While the accolades “Modern Family” has received is gratifying, exec producer Steve Levitan says maintaining the skein’s high standards can be taxing.
“The challenge for us is that we want to keep the quality up and don’t want to be accused of resting on our laurels. That keeps us all on our toes and awake at night,” Levitan said at a Television Critics Assn. panel of ABC comedy showrunners. “The 10 people in the cast and 12 writers are extremely committed to the show. We all realize the pressure we’re under, the level of quality of the show, and we have to deliver.”
Eileen Heisler and DeAnn Heline of “The Middle” agreed with their Alphabet colleagues that none of their shows would work as multi-cams, a format ABC brought back this season with Tim Allen’s “Last Man Standing.”
While CBS has had incredible success with multi-cams such as “Two and a Half Men” and “The Big Bang Theory,” Heisler said that format wouldn’t be functional for the storyline of “The Middle.”
“We wanted the Midwest to be a character, and if we were a multi-cam, it would have been a couch (on the set) that could’ve come from anywhere,” Heisler said.
Added Emily Kapnek of freshman hit “Suburgatory”: “We wanted the suburbs to feel like a character and single-cam gives you the freedom to find the jokes.”

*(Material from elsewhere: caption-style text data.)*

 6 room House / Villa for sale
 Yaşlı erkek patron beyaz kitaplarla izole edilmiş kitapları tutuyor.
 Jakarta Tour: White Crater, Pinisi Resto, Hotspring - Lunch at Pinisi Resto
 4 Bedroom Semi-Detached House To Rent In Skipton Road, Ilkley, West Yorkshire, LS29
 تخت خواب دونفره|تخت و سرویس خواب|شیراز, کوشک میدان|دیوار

Levitan said a multi-cam laugh track sounds like “coyotes eating cats. I had done it for 16 years and couldn’t take another minute of it.”
“Happy Endings” exec producer Jonathan Groff said he was especially appreciative of the Alphabet giving his series time to grow an audience after early poor ratings could have meant a quick hook.
“We got lucky,” Groff said. “Networks have to give shows time (to flourish).”
Levitan joked, however, that it’s often OK to give a series that ax sooner rather than later if the quality is poor.
“Sometimes I say, ‘Why don’t they cut the cord sooner?’ If I was a network exec, I would cancel it (a bad show) faster than they do.”